Lithium ion secondary batteries are widely used in portable electronic devices such as mobile phones and notebook computers. Conventionally, liquid electrolytes have been used in lithium ion secondary batteries. On the other hand, in recent years, attention has been paid to an all-solid-state lithium ion secondary battery in which a solid electrolyte is used as an electrolyte of a lithium ion secondary battery because improvement in safety, high-speed charging and discharging, miniaturization of a case, and the like can be expected.
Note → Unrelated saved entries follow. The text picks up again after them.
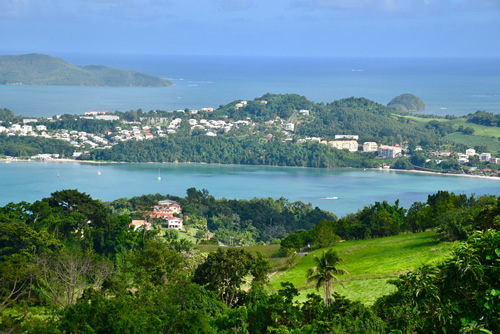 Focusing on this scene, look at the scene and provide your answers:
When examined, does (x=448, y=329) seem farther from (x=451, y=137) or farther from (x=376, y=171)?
(x=451, y=137)

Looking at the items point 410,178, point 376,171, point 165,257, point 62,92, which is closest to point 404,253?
point 165,257

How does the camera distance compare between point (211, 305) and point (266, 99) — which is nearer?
point (211, 305)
Examples of the solid electrolyte used in the all-solid-state lithium ion secondary battery include a sulfide solid electrolyte. Lithium sulfide, which is one of raw materials of the sulfide solid electrolyte, is obtained, for example, by reacting lithium hydroxide with hydrogen sulfide. Lithium halide, which is one of the raw materials of the sulfide solid electrolyte, is also obtained, for example, by reacting lithium hydroxide with hydrogen halide. As described above, lithium hydroxide is used for synthesizing lithium sulfide and lithium halide, which are raw materials of the sulfide solid electrolyte. For the synthesis of such lithium hydroxide, a method of reacting lithium carbonate with calcium hydroxide is known (for example, Patent Literature 1).

In the method of synthesizing lithium hydroxide by reacting lithium carbonate and calcium hydroxide, lithium hydroxide is synthesized by adding lithium carbonate and calcium hydroxide to water and stirring them, and then lithium hydroxide is recovered by being dissolved in water. However, when the aqueous solution is recovered, the solid content to be removed by the solid-liquid separation includes unreacted lithium carbonate or a lithium hydroxide aqueous solution which is synthesized by the reaction but exists wet with the solid content. Therefore, at the time of solid-liquid separation, the lithium component is also removed together with the solid content, and there is a problem that the recovery rate of the lithium component as lithium hydroxide is low.
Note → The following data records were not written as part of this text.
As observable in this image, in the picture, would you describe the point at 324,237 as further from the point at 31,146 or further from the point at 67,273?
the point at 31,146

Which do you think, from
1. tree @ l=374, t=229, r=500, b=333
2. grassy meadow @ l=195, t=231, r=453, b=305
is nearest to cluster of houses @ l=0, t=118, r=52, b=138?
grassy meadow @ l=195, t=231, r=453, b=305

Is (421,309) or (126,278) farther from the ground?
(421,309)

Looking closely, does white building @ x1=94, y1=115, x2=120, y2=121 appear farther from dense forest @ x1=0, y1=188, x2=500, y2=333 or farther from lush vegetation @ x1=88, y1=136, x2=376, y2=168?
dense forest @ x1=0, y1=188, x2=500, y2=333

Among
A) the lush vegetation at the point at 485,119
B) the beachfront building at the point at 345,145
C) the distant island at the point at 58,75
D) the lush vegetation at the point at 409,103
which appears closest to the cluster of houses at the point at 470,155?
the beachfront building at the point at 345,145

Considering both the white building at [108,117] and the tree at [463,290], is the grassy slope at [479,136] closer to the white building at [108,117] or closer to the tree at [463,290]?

In order to increase the recovery rate of the lithium component as lithium hydroxide, the solid content removed by the solid-liquid separation is recovered, and water is added again, whereby unreacted lithium carbonate can be reacted to obtain lithium hydroxide, or lithium hydroxide present wet with the solid content can be dissolved in water and recovered. However, in that case, in order to increase the recovery rate of the lithium component, it is necessary to assemble a number of similar steps, and there is a problem that the manufacturing equipment becomes large.

In order to reduce the amount of unreacted lithium, it is effective to increase the amount of calcium hydroxide to be charged, but there is a problem that the purchase cost increases because the amount of lithium hydroxide to be used increases.

Although the recovery rate of lithium hydroxide can be increased by increasing the amount of water, there is a problem that the energy cost required for removing water in the subsequent drying step is increased due to a large amount of water.

Since only lithium hydroxide can be obtained as a raw material for a sulfide solid electrolyte in the conventional method, a raw material for a sulfide solid electrolyte which is also necessary cannot be obtained, and there is also a problem that production efficiency of the raw material for a sulfide solid electrolyte is poor.

Therefore, an object of the present invention is to provide a method for efficiently producing lithium hydroxide at low cost, and a method for efficiently producing a sulfide solid electrolyte raw material and a sulfide solid electrolyte.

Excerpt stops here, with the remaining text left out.